Este país es un mal lugar para ser recordado. Estamos en guerra civil, manifiesta o latente, desde no se sabe cuándo y más singularmente desde la formación como estado moderno al comienzo del siglo XIX, y los muertos deberían pensar si quieren ser homenajeados u olvidados. Entre la fervorina del homenaje y la indiferencia del olvido, lo primero está lejos de ser un privilegio. Los huesos de nuestros héroes sirven a los compadres vivos para hacer mazas con las que aporrear a los nuevos difuntos, que, a su vez, estarán en tránsito hacia el homenaje o el olvido, según su color y circunstancia, en una rueda sin fin.
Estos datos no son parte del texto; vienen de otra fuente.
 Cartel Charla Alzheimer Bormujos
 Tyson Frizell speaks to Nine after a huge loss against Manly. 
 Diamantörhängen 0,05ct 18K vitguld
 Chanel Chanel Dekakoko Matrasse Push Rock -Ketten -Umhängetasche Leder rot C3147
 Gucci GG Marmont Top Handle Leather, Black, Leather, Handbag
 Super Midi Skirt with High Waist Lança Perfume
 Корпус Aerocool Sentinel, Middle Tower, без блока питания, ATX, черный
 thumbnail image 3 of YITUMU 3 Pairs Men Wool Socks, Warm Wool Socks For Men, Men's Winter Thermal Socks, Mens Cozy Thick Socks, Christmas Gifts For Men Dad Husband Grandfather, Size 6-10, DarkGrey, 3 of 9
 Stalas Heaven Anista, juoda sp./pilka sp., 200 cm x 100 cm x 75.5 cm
En el largo pasaje entre el siglo pasado y este, padecimos el enésimo avatar de nuestras endémicas guerras carlistas con centenares de asesinados en el bando democrático. Esa guerra terminó hace más de una década y, si bien su final no satisfizo las aspiraciones y manías de todos, puede decirse que devolvió el sosiego a la sociedad y los términos de la paz conseguida contaron con un acuerdo político absolutamente mayoritario. Por supuesto, la huella que deja la violencia es indeleble y, como escribe Karl Marx en su 18 Brumario, la tradición de todas las generaciones muertas oprime como una pesadilla el cerebro de los vivos. Pero en este país, cuyo folclore celebra con gran jolgorio la ejecución del fundador de la religión mayoritaria, llevado a hombros por militares cuyo lema es el oxímoron ¡viva la muerte!, la sentencia de Marx tiene un tinte banal, utilitario, obsceno.  Y en esas estamos.
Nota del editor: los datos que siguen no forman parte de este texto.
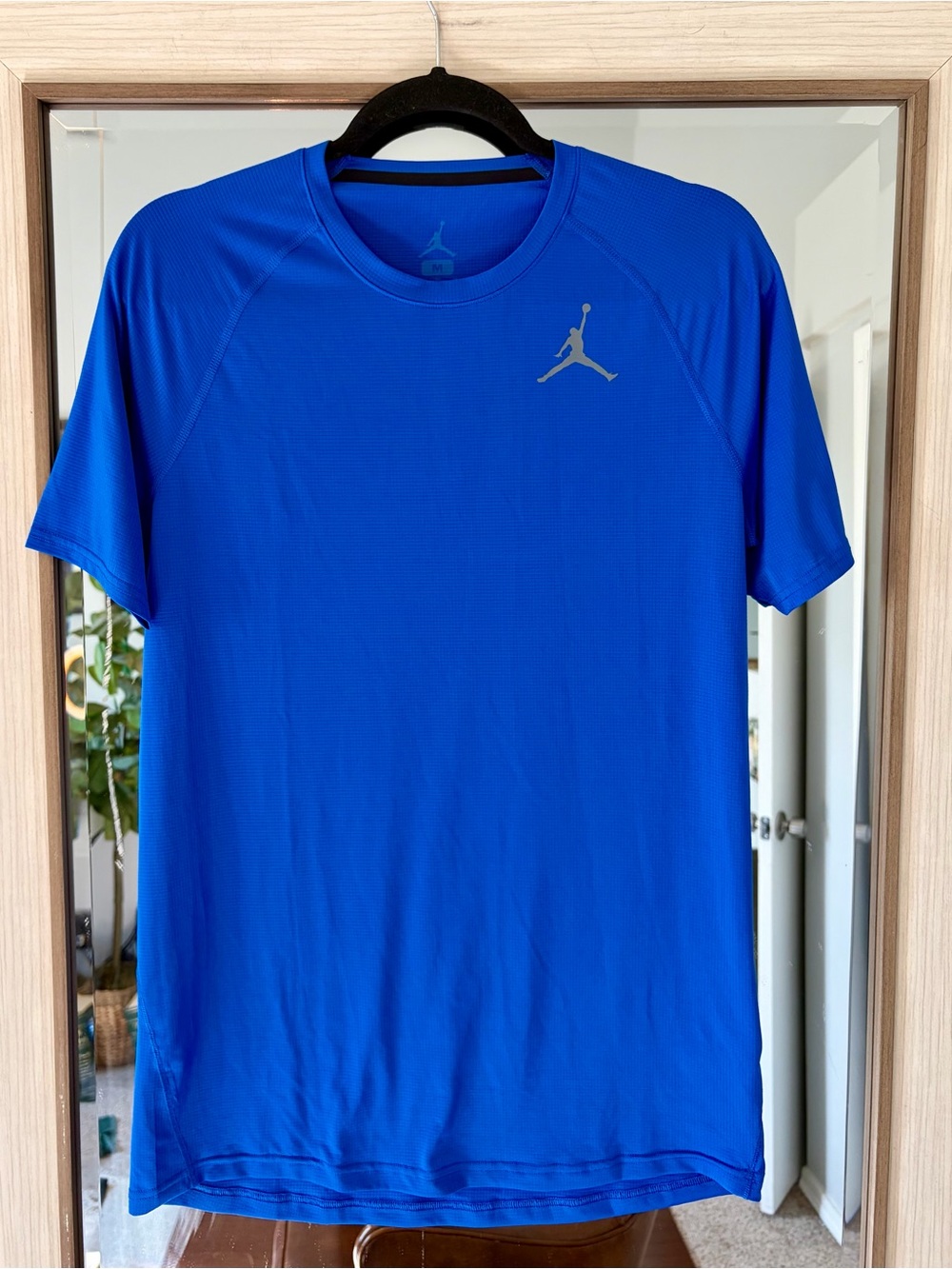 Nike Men's Jordan Dri Fit Training Jumpman Shirt size Small Royal Blue Classic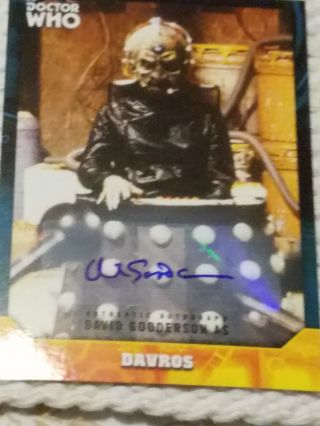 Doctor Who Signature Autograph Card David Gooderson - Davros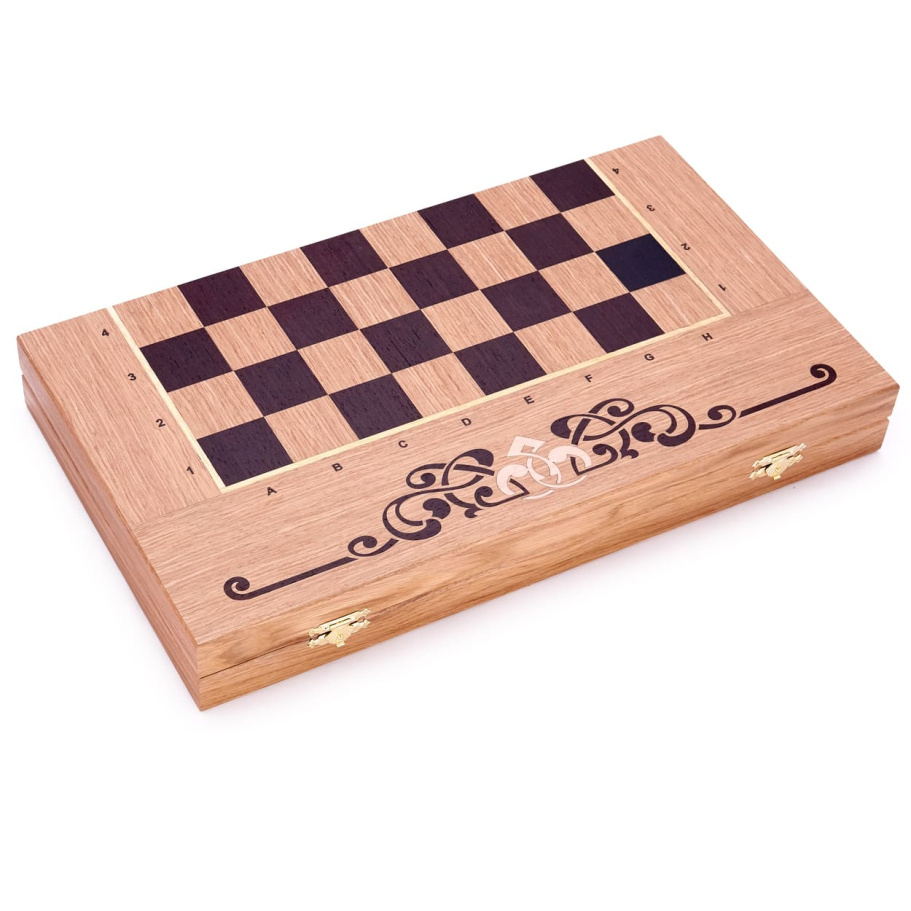 Шахматы + нарды резные "Венеция" дуб купить в Санкт-Петербурге Шахматы + нарды резные "Венеция" дуб купить в Санкт-Петербурге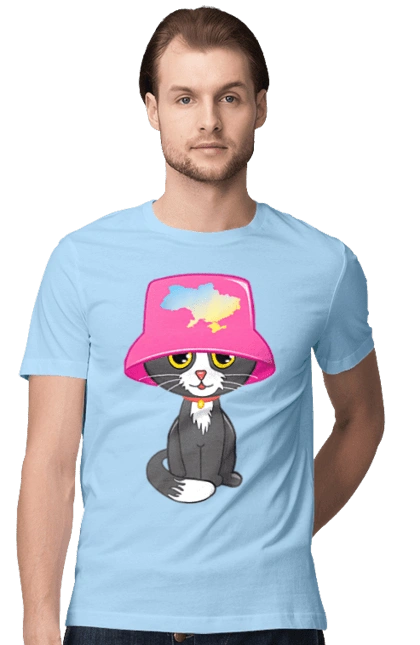 Cat with a map of Ukraine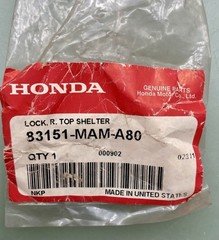 Honda 83151-MAM-A80 Lock, R., Top, Shelter New Genuine
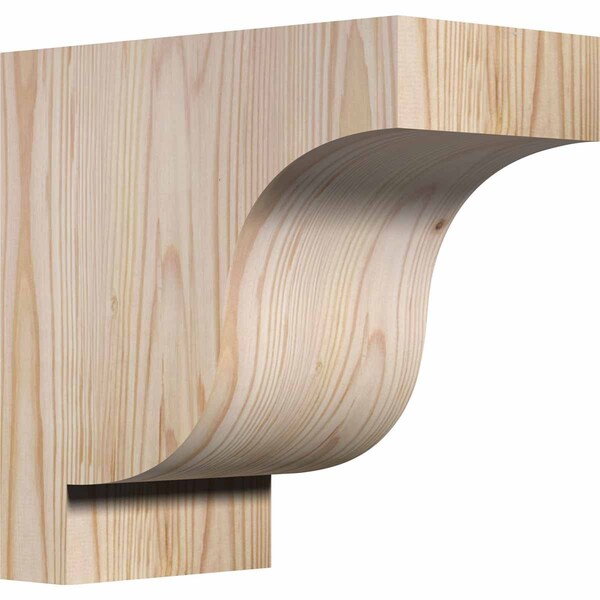 Ekena Millwork Newport Smooth Corbel, Douglas Fir, 5 1/2"W x 10"D x 10"H COR06X10X10NEW00SDF - main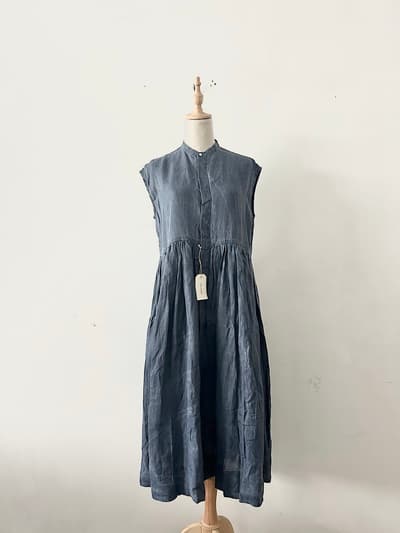 【未使用】TOUJOURS リネン ワンピース TM24WD04 画像1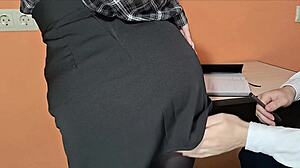 russian stepmom cheats during office work hours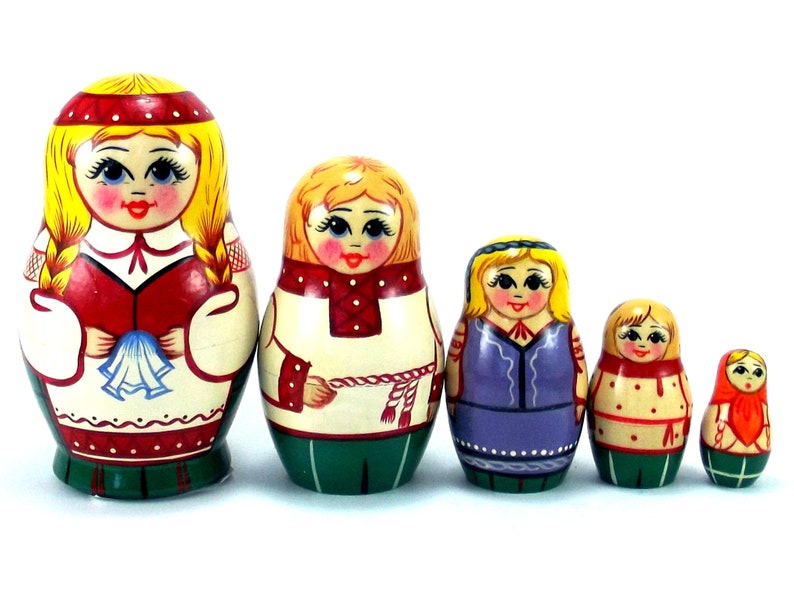 real russian nesting dolls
No todas las víctimas de la violencia de sus vecinos tienen el mismo peso en la conciencia de la sociedad; el recuerdo de las más queda constreñido al ámbito familiar, privado, pero unas pocas, ya sea por su relevancia en vida o por las circunstancias en que fueron asesinadas, consiguen sacudir a la sociedad, movilizar voluntades y, en último extremo, cambiar la historia. No hay duda de que dos de estas víctimas, alevosamente asesinadas por pistoleros de eta, fueron Gregorio Ordóñez y Miguel Ángel Blanco. Nadie discute su sacrificio ni la condena a sus ejecutores pero he aquí que ambos han sido reclutados para una bronca doméstica en la tribu que se ha apropiado de su memoria. La greña ha sido provocada por una siniestra rima tabernaria -¡que te vote Txapote!- adoptada por la coalición reaccionaria como lema de campaña electoral con la bendición de su moderado líder don Feijóo. En esta tesitura, los afectos a Miguel Ángel Blanco no rechazan que la memoria de este sea utilizada para machacar al presidente del gobierno, y los de Ordóñez piden que la dejen en paz.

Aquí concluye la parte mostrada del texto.